There are two "international" US expat groups that do quite a bit on the tax issue - though they're certainly not free either: AARO and ACA The ACA site even has some tax guidance available.
Cheers,
Bev
Hi Bev,
Still trying to sort out all this stuff...sadly :/ I visited the embassy and you were right, very nice and easy to deal with in there (albeit incredibly fast...and a tad confusing for me). Since then I have been trying to sort out all these forms on my own - so far Ive got my 1040, Schedule C, Schedule M, form 1116, and Schedule SE.

Is it correct that everyone living abroad and is working for themselves still needs to pay SE tax as if they were living in the US (ie, without any foreign tax credits applied)? I was reading about it and it was talking about the funding of Social Security and Medicare, which seems strange if I am having to pay NI contributions here in the UK and will likely be hit with some form of social security and self employment tax here as well.

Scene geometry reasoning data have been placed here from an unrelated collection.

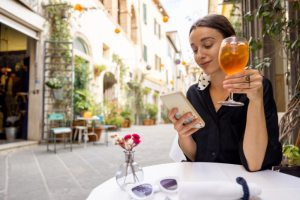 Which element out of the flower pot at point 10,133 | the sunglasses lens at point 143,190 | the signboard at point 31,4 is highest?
the signboard at point 31,4

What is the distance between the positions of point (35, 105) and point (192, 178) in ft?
18.8

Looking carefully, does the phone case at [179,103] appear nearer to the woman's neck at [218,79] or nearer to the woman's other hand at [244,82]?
the woman's other hand at [244,82]

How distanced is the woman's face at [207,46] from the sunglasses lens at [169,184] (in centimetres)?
69

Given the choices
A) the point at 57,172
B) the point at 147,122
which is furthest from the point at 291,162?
the point at 147,122

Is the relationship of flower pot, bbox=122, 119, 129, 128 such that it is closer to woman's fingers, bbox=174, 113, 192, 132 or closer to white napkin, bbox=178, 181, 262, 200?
woman's fingers, bbox=174, 113, 192, 132

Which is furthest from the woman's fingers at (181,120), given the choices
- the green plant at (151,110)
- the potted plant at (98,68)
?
the green plant at (151,110)

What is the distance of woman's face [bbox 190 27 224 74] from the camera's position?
46.7 inches

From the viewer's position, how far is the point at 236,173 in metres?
0.89

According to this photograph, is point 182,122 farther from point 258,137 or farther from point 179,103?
point 258,137

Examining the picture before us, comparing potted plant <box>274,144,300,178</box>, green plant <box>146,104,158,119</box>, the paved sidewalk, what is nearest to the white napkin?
potted plant <box>274,144,300,178</box>

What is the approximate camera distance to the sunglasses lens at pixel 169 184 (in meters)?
0.71

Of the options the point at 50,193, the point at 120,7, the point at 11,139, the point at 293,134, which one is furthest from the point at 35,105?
the point at 120,7

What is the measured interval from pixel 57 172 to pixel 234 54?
296cm

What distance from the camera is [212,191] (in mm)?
591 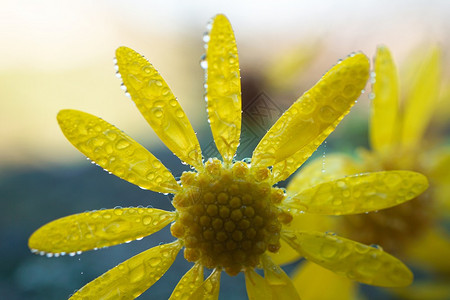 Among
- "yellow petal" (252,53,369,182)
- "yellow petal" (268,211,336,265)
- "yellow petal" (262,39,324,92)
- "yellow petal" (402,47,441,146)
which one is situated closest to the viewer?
"yellow petal" (252,53,369,182)

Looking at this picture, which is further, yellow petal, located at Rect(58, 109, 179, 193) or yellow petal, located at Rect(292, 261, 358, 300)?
yellow petal, located at Rect(292, 261, 358, 300)

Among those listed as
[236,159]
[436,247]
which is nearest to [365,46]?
[436,247]

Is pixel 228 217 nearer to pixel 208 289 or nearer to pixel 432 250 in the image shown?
pixel 208 289

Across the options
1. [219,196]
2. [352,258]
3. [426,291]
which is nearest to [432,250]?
[426,291]

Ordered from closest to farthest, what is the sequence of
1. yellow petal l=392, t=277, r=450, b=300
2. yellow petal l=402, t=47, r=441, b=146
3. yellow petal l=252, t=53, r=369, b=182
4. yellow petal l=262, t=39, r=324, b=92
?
1. yellow petal l=252, t=53, r=369, b=182
2. yellow petal l=402, t=47, r=441, b=146
3. yellow petal l=392, t=277, r=450, b=300
4. yellow petal l=262, t=39, r=324, b=92

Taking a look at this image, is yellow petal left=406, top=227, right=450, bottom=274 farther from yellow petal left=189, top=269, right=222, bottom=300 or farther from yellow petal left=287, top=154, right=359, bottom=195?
yellow petal left=189, top=269, right=222, bottom=300

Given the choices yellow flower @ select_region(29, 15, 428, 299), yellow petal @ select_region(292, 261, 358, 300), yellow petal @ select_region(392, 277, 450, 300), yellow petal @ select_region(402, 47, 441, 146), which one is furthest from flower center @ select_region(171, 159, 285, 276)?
yellow petal @ select_region(392, 277, 450, 300)

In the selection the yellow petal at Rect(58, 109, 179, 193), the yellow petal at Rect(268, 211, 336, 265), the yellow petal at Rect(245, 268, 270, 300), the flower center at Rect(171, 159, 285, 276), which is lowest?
the yellow petal at Rect(268, 211, 336, 265)

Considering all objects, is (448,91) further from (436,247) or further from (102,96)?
(102,96) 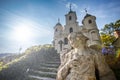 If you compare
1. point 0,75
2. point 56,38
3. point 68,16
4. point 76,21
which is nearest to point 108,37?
point 76,21

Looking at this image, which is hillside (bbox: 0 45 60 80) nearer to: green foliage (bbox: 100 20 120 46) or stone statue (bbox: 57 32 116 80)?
stone statue (bbox: 57 32 116 80)

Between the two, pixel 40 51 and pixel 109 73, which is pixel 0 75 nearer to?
pixel 40 51

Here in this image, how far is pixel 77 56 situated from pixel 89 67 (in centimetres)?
30

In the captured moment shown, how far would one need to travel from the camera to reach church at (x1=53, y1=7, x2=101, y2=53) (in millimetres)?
17062

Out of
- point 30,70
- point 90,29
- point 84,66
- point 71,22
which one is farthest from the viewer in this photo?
point 71,22

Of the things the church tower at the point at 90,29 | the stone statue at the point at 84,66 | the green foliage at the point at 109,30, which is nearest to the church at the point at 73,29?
the church tower at the point at 90,29

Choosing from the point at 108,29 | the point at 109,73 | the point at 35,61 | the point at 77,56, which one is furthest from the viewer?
the point at 108,29

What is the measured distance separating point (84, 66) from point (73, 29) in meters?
17.4

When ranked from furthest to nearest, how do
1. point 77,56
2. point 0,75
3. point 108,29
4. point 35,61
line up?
point 108,29
point 35,61
point 0,75
point 77,56

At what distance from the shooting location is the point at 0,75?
6.25m

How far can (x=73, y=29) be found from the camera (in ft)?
61.5

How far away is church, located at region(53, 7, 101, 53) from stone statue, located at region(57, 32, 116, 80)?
14.6 metres

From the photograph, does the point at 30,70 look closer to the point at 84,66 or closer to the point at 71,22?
the point at 84,66

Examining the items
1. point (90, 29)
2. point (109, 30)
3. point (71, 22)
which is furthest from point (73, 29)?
point (109, 30) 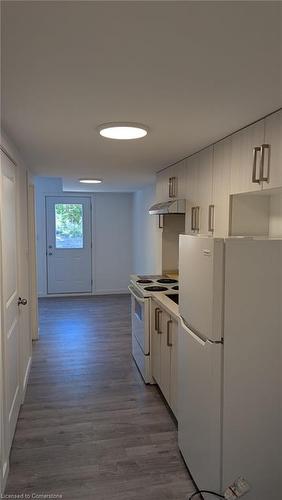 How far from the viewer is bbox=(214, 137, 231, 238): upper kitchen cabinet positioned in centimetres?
242

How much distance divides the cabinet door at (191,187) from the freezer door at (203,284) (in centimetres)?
104

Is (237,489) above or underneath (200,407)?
underneath

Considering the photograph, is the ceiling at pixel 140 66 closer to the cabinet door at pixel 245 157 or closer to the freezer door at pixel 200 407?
the cabinet door at pixel 245 157

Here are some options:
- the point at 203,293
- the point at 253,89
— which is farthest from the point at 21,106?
the point at 203,293

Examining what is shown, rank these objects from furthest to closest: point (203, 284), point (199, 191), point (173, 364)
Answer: point (199, 191), point (173, 364), point (203, 284)

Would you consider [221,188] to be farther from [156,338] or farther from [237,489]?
[237,489]

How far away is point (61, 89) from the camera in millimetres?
1543

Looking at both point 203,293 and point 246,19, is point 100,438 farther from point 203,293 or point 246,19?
point 246,19

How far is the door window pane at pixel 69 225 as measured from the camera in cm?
734

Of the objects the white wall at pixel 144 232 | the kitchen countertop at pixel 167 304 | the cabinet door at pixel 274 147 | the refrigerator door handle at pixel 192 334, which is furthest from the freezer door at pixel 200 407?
the white wall at pixel 144 232

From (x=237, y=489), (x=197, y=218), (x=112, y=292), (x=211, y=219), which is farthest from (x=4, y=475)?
(x=112, y=292)

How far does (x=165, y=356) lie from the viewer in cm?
288

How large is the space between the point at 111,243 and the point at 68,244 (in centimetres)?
96

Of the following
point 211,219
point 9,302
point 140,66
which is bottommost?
point 9,302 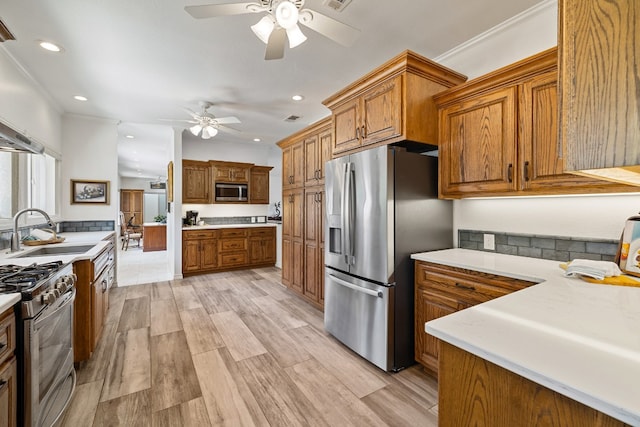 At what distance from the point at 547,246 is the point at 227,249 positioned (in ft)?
16.2

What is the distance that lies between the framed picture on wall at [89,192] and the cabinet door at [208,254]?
166 centimetres

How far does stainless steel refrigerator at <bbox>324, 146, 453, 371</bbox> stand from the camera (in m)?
2.17

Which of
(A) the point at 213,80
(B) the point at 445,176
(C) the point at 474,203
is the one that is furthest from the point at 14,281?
(C) the point at 474,203

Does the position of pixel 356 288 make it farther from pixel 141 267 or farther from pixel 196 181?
pixel 141 267

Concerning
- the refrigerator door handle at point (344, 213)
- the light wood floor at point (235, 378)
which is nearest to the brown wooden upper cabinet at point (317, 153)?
the refrigerator door handle at point (344, 213)

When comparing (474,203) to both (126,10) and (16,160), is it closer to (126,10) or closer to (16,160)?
(126,10)

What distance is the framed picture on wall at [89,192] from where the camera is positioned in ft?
14.2

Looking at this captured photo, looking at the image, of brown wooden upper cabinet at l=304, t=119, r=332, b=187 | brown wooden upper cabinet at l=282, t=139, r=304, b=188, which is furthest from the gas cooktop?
brown wooden upper cabinet at l=282, t=139, r=304, b=188

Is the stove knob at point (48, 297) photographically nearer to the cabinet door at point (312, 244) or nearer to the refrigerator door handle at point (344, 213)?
the refrigerator door handle at point (344, 213)

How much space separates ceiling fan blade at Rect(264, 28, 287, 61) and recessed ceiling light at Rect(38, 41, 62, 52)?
210 cm

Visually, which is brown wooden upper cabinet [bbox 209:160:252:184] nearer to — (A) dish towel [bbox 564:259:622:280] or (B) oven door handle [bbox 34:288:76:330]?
(B) oven door handle [bbox 34:288:76:330]

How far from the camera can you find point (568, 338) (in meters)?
0.81

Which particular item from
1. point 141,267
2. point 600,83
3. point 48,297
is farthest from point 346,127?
point 141,267

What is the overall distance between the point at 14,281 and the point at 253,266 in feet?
14.5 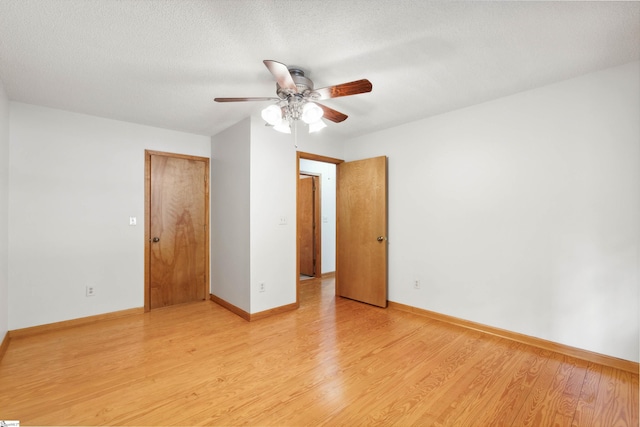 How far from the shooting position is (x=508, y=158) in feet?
8.98

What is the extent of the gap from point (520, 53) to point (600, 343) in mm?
2363

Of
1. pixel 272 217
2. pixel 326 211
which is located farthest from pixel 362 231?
pixel 326 211

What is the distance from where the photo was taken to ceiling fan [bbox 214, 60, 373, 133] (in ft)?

I read a bit further and noticed that I am eligible to apply for exemption from one system or the other, but Im not sure what effect that has on my self employment tax in the end (or where to find that out :?). Also, do you know if we have a choice as to which system we opt out of? I dont know which is the "better deal" just yet, but as I am planning on staying in the UK for some time longer, I may decide to opt into their system to make things a little easier on myself.

Do you have any advice on this by chance?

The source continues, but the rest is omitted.